# Scraping LADOT Volume Data from PDFs, Part 2

##### Where I Left Off
In the first python notebook, I described the problem and general approach I was taking to solve it. I downloaded all the manual count PDF documents and setup the file tables for later.

## PDF Text Extraction Process
As I discussed in the first python notebook, my process for extracting the text into usable data can be broken down into the few key parts: (1) define bounding boxes, (2) search for text within the bounding boxes (3) reformat the resulting text into multiple data tables, and (4) join the resulting tables to the ID established by the Bureau of Engineering. 

##### Define Bounding Boxes
This was tricky. I initially began defining bounding boxes using pixel measurements from a few sample pages. However, I quickly realized that due to the second of the challenges I mentioned above that this would not work, since the tables are in different locations among the PDF documents. 

Instead, I decided to create bounding boxes on the fly for each document using relative positioning of certain keywords that appeared almost always on each PDF document. Using pdfquery, I could begin by searching the document for these keywords and then extract the x,y pixel coordinate locations for the bounding box of each one. By getting the coordinates of multiple keyword objects on the page, I could construct a set of bounding boxes that seemed to perform relatively well in capturing data tables.

(create image of what this looked like)

##### Search for Text within Bounding Boxes
Once I had the coordinates of the bounding boxes, this part was quite easy, using PDFQuery to extract text

(do i need to adjust any of the parameters in rapidminer??)

##### Reformat the Resulting Text into Data Tables
The final problem included taking the scraped text from the bounding boxes and reformatting them into usable data tables. I kept in mind the relational database model as I set the format for these tables.

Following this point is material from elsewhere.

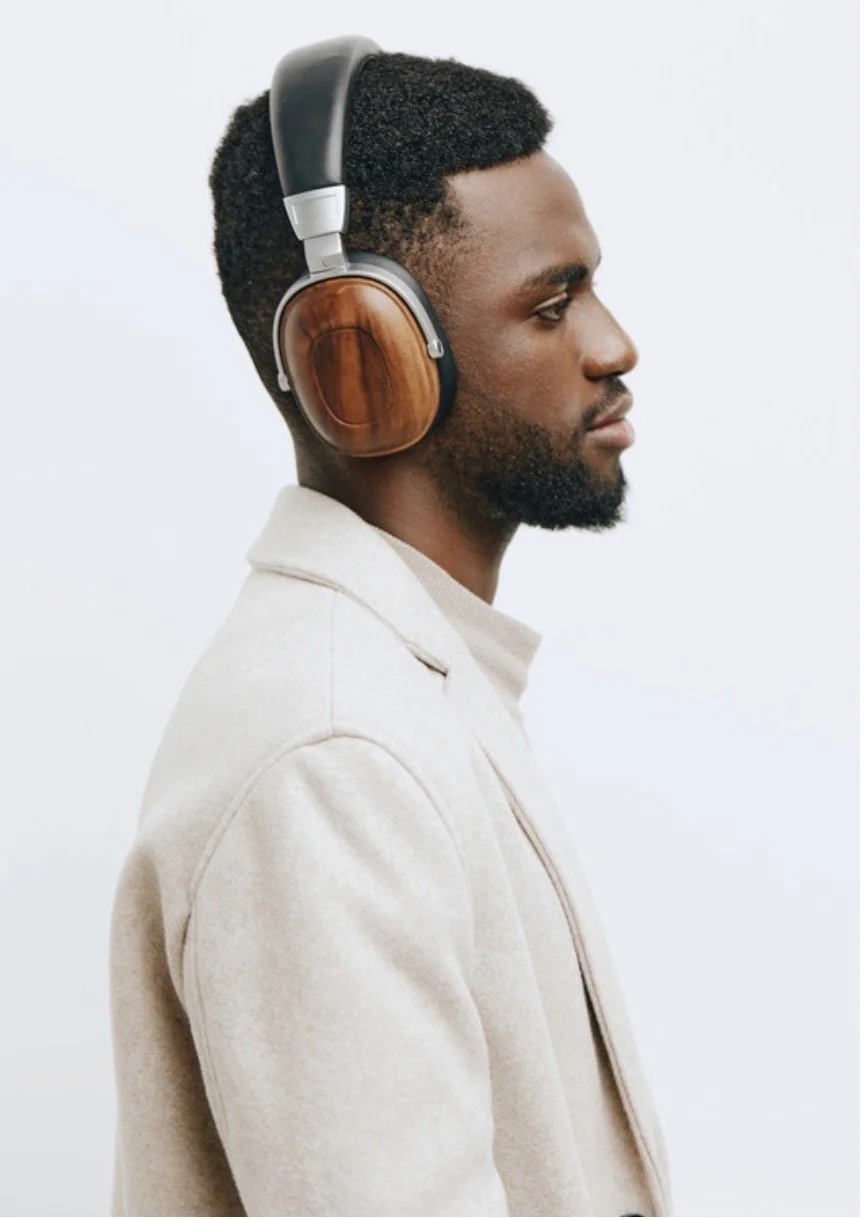 Profile of a man with dark skin wearing large over-ear headphones with wooden ear cups and a light-colored jacket, facing to the right against a plain light background.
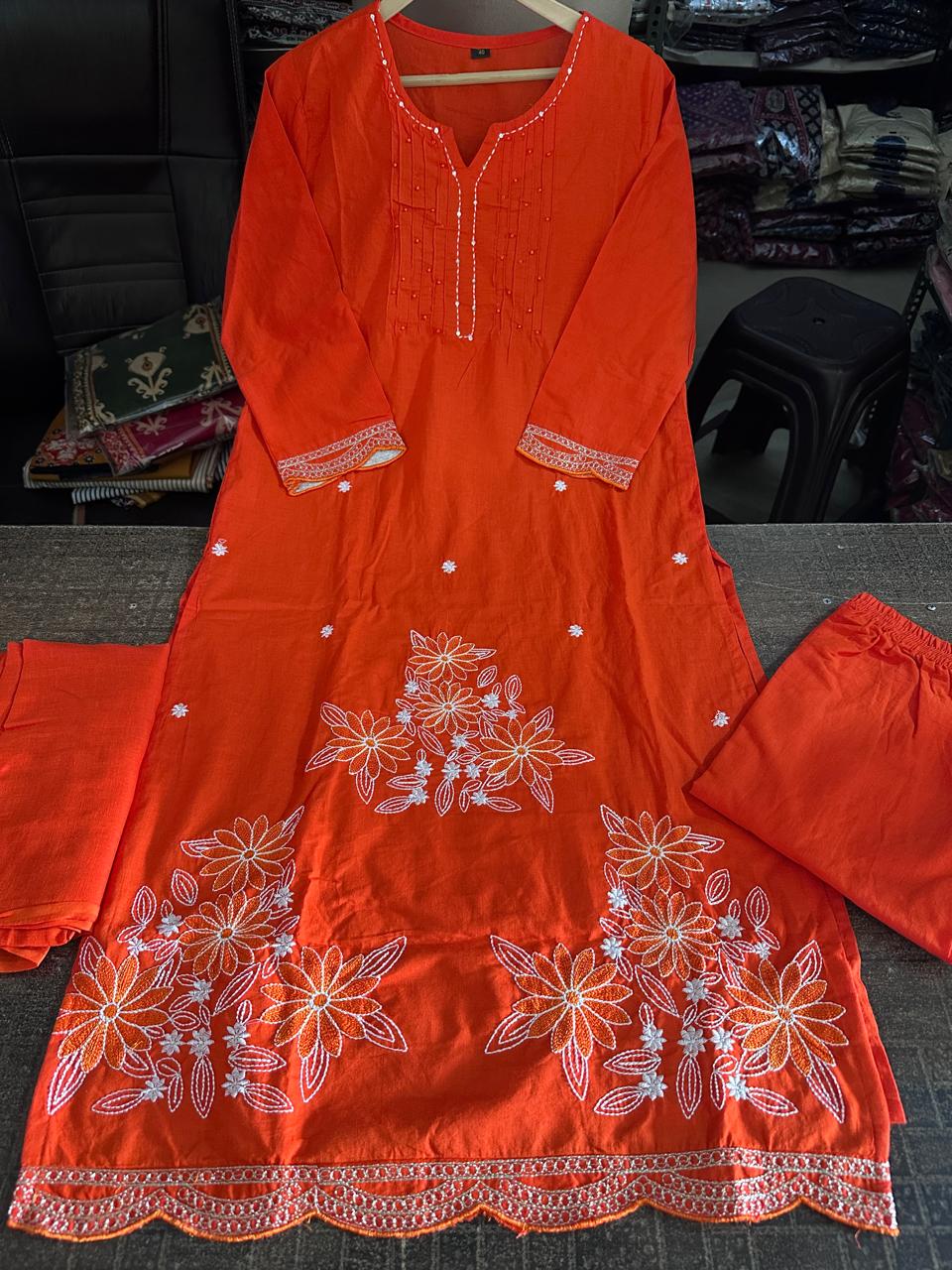 Close up view of detailed traditional embroidery work and high quality thread patterns on a vibrant orange heavy cotton fabric bodice canvas - WishTown Fashion Club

From the PDF image above, I decided on the following tables and attributes:

*tbl_manualcount_info:* This table contains the basic information about the manual count summary. Each count will have one tuple with the following information:
* street_ns: The North / South Street running through the intersection
* street_ew: The East / West street running through the intersection
* dayofweek: Day of the Week
* date: Date, in datetime format
* weather: Prevailing weather at the time of the count (Clear, Sunny, etc.)
* hours: the hours of the count (text)
* school_day: A Yes / No indication of whether the count occurred on a school day. This is important because it heavily affects the volume counts
* int_code: The "I/S Code" on the form corresponds to the CL_Node_ID on the BOE Centerline. This ID field makes it easy to join to the City's centerline network
* district: The DOT field district in which the count took place
* count_id: Unique identifier assigned to the summary

*tbl_manualcount_dualwheel:* This table contains count data for dual-wheeled (motorcycles), bikes, and buses. Each form will have 12 tuples with the following information:
* count_id: Unique identifier assigned to the summary in "tbl_manual_count_info"
* approach: Intersection approach being measured (N,S,E,W)
* type: Dual-Wheeled / Bikes / Buses
* volume: Count

*tbl_manualcount_peak:* This table contains the peak hour / 15 minute counts. Each form will have 16 tuples with the following information:
* count_id: Unique identifier assigned to the summary in "tbl_manual_count_info"
* approach: Intersection approach being measured (N,S,E,W)
* type: The type of count
    * am_15: The AM peak 15 minute count
    * am_hour: The AM peak hour count
    * pm_15: The PM peak 15 minute count
    * pm_hour: The PM peak hour count
* time: Time of each count (in datetime format)
* volume: Count

*tbl_manualcount_volumes:* This table contains the main volume counts for each approach at the intersection. The number of tuples for each form will vary depending on the number of hours surveyed. A 6-hour count will have 6 hours * 3 directions (left, right, through) * 4 approach directions = 54 tuples. Each tuple will have the following information:
* count_id: Unique identifier assigned to the summary in "tbl_manual_count_info"
* approach: Northbound (NB) / Southbound (SB) / Eastbound (EB) / Westbound (WB)
* movement: Right-Turn (Rt) / Through (Th) / Left-Turn (Lt)
* start_time: Start time of that count, in datetime format
* end_time: End time of that count, in datetime format
* volume: Count

*tbl_manualcount_peds:* This table contains pedestrian and schoolchildren counts during the same time as the main volume counts, so the number of tuples will also be dependent on the number of hours the location was surveyed. Each tuple will have the following information:
* count_id: Unique identifier assigned to the summary in "tbl_manual_count_info"
* xing_leg: The leg of the intersection that is being crossed. South Leg (SL) / North Leg (NL) / West Leg (WL) / East Leg (EL)
* type: Ped / Sch
* start_time: Start time of that count, in datetime format
* end_time: End time of that count, in datetime format
* volume: Count


In [None]:
### Setup
import csv
import glob
from datetime import datetime, date, time
import pdfquery
import pandas as pd
import numpy as np
import os
from pathlib2 import Path

### Load NavLA Count file table
count_files_df = pd.read_csv('data/TrafficCountFileStructure/navLAfiles.csv',index_col=0)

count_files_df.head()

### Step 1: Prepare the Data Tables
Based on the outline above, the first step is to prepare dataframes for each of the volume-related tables discussed above. Once I have the dataframe table structures, the next step involves looping through all the manual count PDFs, running my text extract function, and then inserting the rows into the appropriate tables. 

In [None]:
import pandas as pd

### Load NavLA Count file table
count_files_df = pd.read_csv('data/TrafficCountFileStructure/navLAfiles.csv',index_col=0)
manual_count_files_df = count_files_df[(count_files_df['type'] == 'manual')].reset_index()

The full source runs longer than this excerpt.